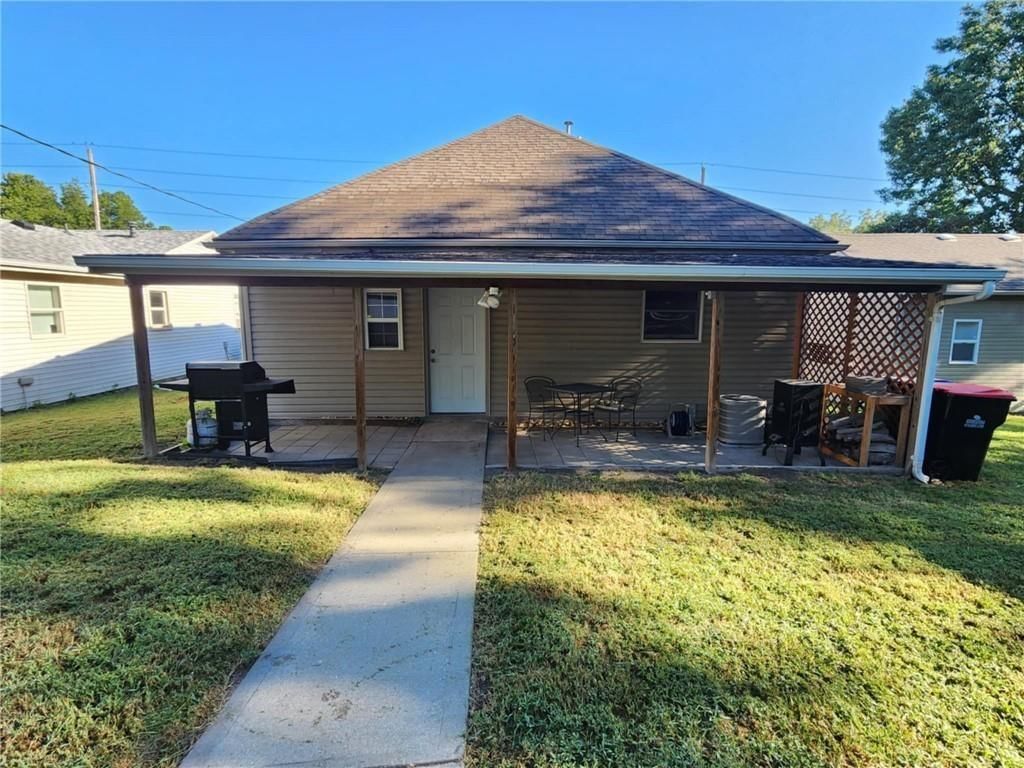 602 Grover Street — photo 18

...

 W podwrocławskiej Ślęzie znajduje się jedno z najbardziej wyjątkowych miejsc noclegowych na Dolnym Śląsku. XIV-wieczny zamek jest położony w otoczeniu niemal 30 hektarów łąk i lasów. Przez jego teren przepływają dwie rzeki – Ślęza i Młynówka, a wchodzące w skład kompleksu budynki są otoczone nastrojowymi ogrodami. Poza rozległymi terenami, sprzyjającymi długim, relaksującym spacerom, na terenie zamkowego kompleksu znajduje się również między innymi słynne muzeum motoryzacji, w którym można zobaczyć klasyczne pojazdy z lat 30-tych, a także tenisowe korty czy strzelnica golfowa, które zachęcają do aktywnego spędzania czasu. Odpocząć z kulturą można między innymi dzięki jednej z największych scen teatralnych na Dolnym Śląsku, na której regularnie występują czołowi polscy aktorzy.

==

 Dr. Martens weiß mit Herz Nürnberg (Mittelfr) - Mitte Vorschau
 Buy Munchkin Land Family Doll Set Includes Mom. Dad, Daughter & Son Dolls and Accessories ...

• Work item:
Restate word for word only the lines above from the line containing "Dr. Martens weiß" to the line containing "Buy Munchkin Land", both of them included.

• Response to this exercise:
 Dr. Martens weiß mit Herz Nürnberg (Mittelfr) - Mitte Vorschau
 Buy Munchkin Land Family Doll Set Includes Mom. Dad, Daughter & Son Dolls and Accessories ...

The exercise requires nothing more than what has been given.